ICAEW.com works better with JavaScript enabled.
Exclusive

Your questions answered

Your Questions Answered #3 – Questions on the life-changing opportunities of Power Query?

Author: Simon Hurst

Published: 17 Apr 2023

Exclusive content
Access to our exclusive resources is for specific groups of students, users, subscribers and members.
Our latest live webinar saw Simon Hurst drill into the capabilities of Excel Power Tools and, in particular, Power Query. The webinar provoked many questions. We dealt with some of the more straightforward questions as part of the post that announced the availability of the Webinar recording. This time we delve deeper into Power Query.
Send us your questions!

Hello all and welcome to a new regular feature from the ICAEW Excel Community where we endeavour to get ‘Your Questions Answered’. In this feature, we will address the Excel questions and worries you send in by providing you with solutions and guidance on the best practice of using Excel. Your community needs your questions. Please send as many as you can to us at:

The question

Could you just go over the basics of getting the original data into Power Query and then loading the end result back into the spreadsheet?

Answer part 1 – Data Sources

The Power Query tools are accessed from the Get & Transform Data group of the Data Ribbon tab. The main Get Data dropdown lists all the different data source categories as well as the command to use the old Excel Get External Data commands that are now known as the Legacy Wizards. Also, in the list of commands is Launch Power Query Editor which opens the Power Query editor directly.
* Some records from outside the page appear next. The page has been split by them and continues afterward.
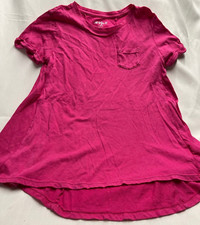 Lot3536- CAT JACK- Girl's Pink Tee- Size 7-8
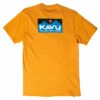 KAVU Men's Klear Above Etch Art T-Shirt - Butterscotch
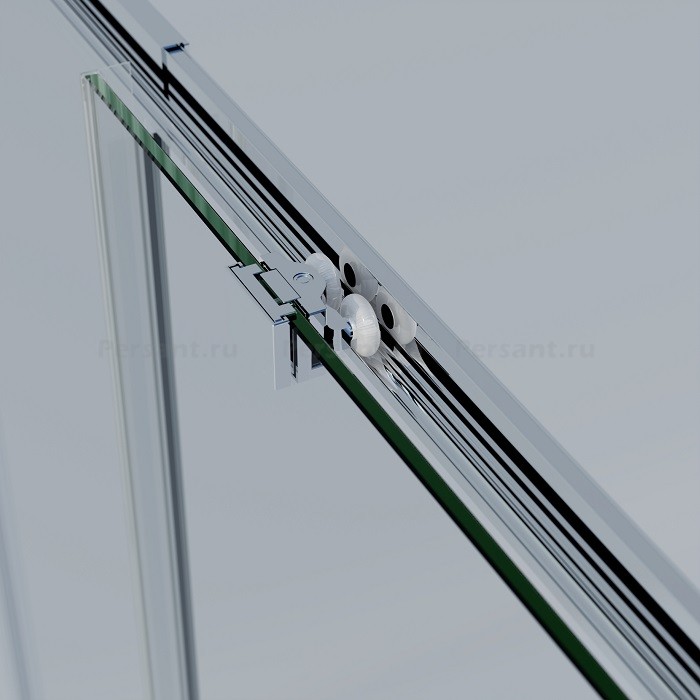 Душевая дверь Vincea Rapid-N 110-120 VDS-3RN11/12MT профиль хром, стекло текстурное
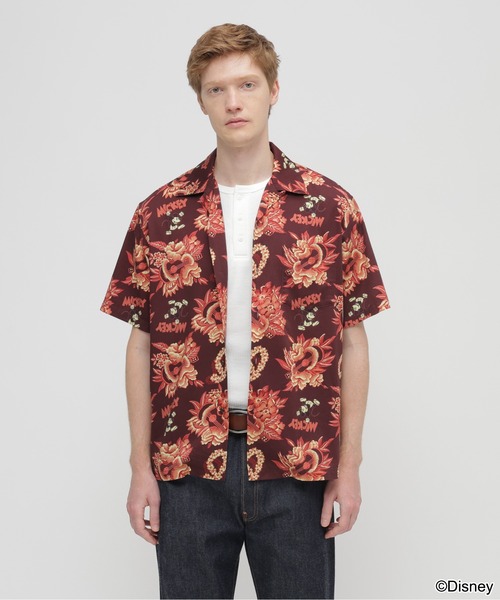 AVIREX(アヴィレックス)の「《Disney Collection》"HAWAIIAN HOLIDAY" ALOHA SHIRT / MICKEY MOUSE(シャツ/ブラウス・メンズ・バーガンディー・LARGE/MEDIUM/XX-LARGE/X-LARGE)」の3枚目の写真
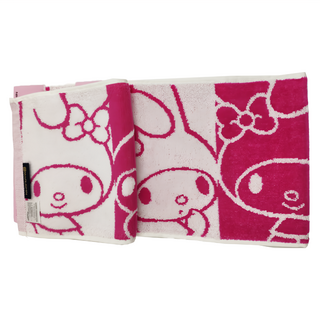 MARUSHIN 丸真 運動長毛巾, 100%棉 約20X110CM, 美樂蒂, 1條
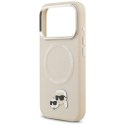 Karl Lagerfeld Karl & Choupette Pins MagSafe - Etui iPhone 17 Pro Max (beżowy)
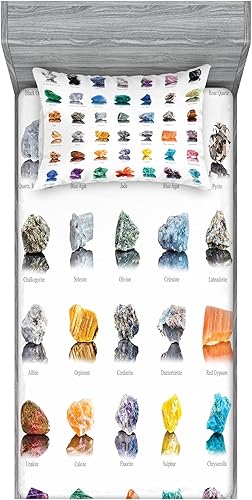 Miniatura 148 de Ambesonne Juego de sábanas bajeras y fundas de almohada occidentales, sombrero de vaquero con temática del salvaje oeste y cuerda de ganadería vieja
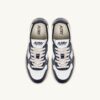 MEDALIST LOW SNEAKERS IN WHITE AND NIGHT BLUE LEATHER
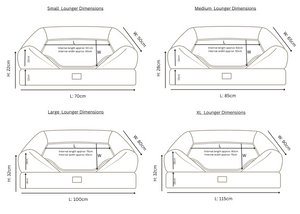 *CLEARANCE* The Lounger Bed - Brown *New Fabrics*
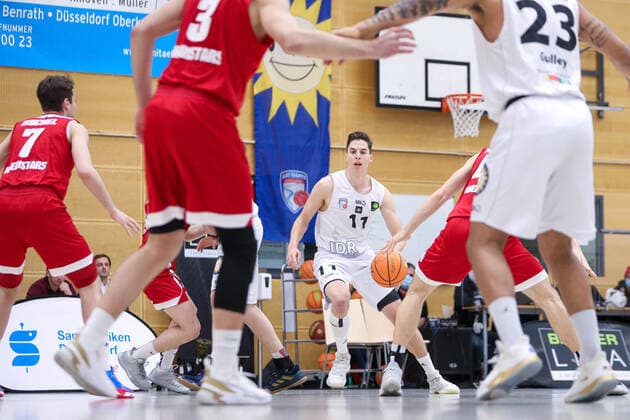 2. Basketball Bundesliga ProB ART Giants Duesseldorf gegen RheinStars Koeln, 07.03.2021 Max Gebhardt ( 11 ART Giants Duesseldorf); 2. Basketball Bundesliga ProB ART Giants Duesseldorf gegen RheinStars Koeln am 07.03.2021, Duesseldorf. Copyright: xBEAUTIFULxSPORTS KennyxBeelex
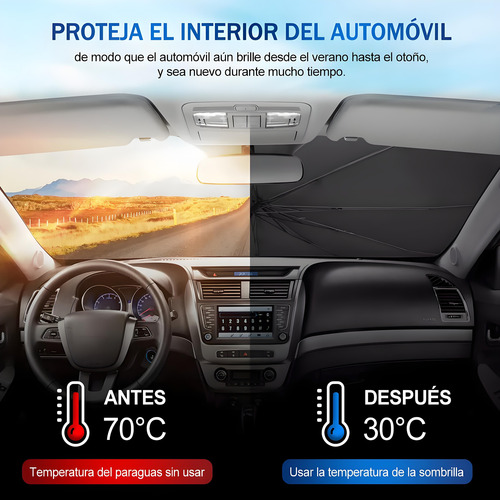 Parasol Lateral Para Auto Parabrisas Parasoles Set 6 Piezas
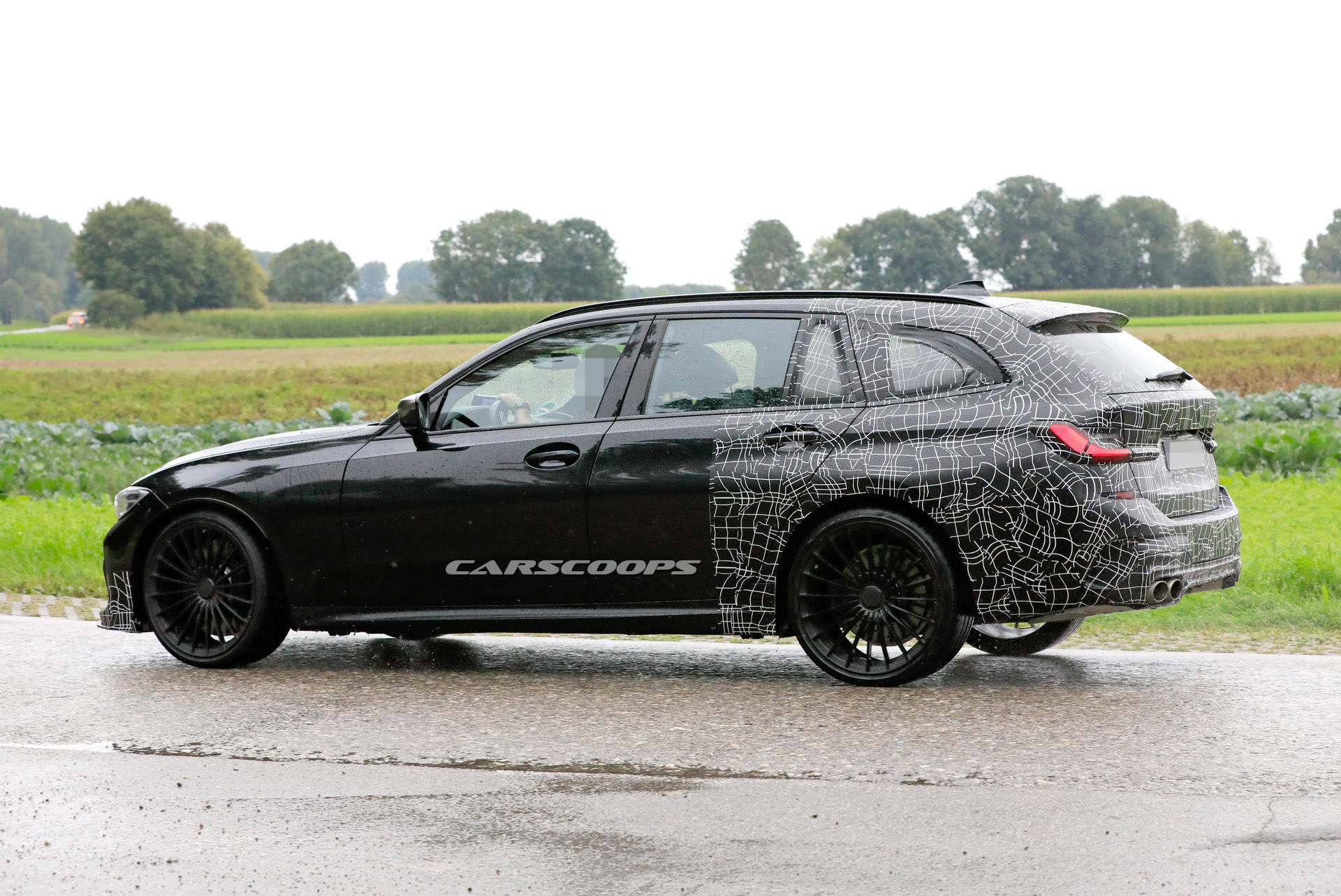 Frankfurt-Bound Alpina B3 Touring Spied Undergoing Tests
If you want to edit an existing query, it is usually easier to right-click on it in the Queries and Connections pane and choose Edit.

Towards the bottom of the list of commands is the Combine Queries command that allows multiple tables to be either appended (stacked vertically) or merged by linking two tables using common fields – a bit like using an Excel lookup function. To use either of the Combine Queries commands we first need to have the queries available in our Excel workbook.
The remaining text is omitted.